Artinya, negara-negara industrilah yang menjadi kontributor utama emisi gas yang menimbulkan efek rumah kaca di bumi ini pasca-era Revolusi Industri di tahun 1850-an.
Artinya pula, sumber polusi udara berikut tingginya emisi gas buang baik dari kendaraan bermotor terlebih dari cerobong industri dimaksud, menjadi salah satu faktor perubahan suhu di bumi atau biasa dikenal dengan istilah pemanasan global (global warming).
“Negara-negara industri mereka inilah yang menjadi penyebab utama pemanasan global sehingga suhu bumi ini sudah lebih dari 2 derajat celcius di atas pra (era Revolusi) Industri,” tandasnya.

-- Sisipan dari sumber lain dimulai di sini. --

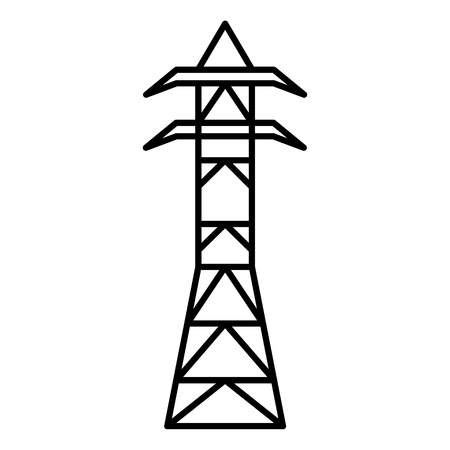 Steel electric tower icon. Outline steel electric tower vector icon for web design isolated on white backgroundのイラスト素材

Diberitakan sebelumnya, pemerintah melalui Menko Marves Luhut Binsar Panjaitan, mengungkapkan ada kemungkinan pertalite dan solar bakal dihapuskan.
Disebutkan, langkah ini ditempuh demi meningkatkan kualitas udara di Indonesia dan mengakselerasi target netralitas karbon pada 2060 mendatang, sekaligus mendorong percepatan pembentukan industri kendaraan listrik.
Sebagai gantinya, Luhut mengatakan Indonesia tengah membahas tentang BBM euro 4 yang sepadan dengan penggunaan bahan bakar kadar oktan minimal 92 atau sekelas pertamax, dan euro 5 untuk jenis solar.
Dampak Buruk
Menurut Ishak, pergantian dari pertalite ke euro 4 dan solar ke euro 5 memberikan dampak buruk bagi masyarakat menengah ke bawah.
“(Kebijakan) itu akan menjadi dilematis, akan berdampak buruk terhadap perekonomian masyarakat kita,” khawatirnya, yang meski demikian ia tak menampik turut mengapresiasi rencana pemerintah untuk memperbaiki kualitas lingkungan ini.
Namun demikian, dari penerapan standar euro 4 dan 5 ini, sambung Ishak, memiliki konsekuensi harga BBM pengganti pertalite dan solar bakal lebih mahal. Sehingga bisa dipastikan bakal meningkatkan tarif angkutan darat, kenaikan harga kebutuhan dan jasa, hingga terjadinya inflasi.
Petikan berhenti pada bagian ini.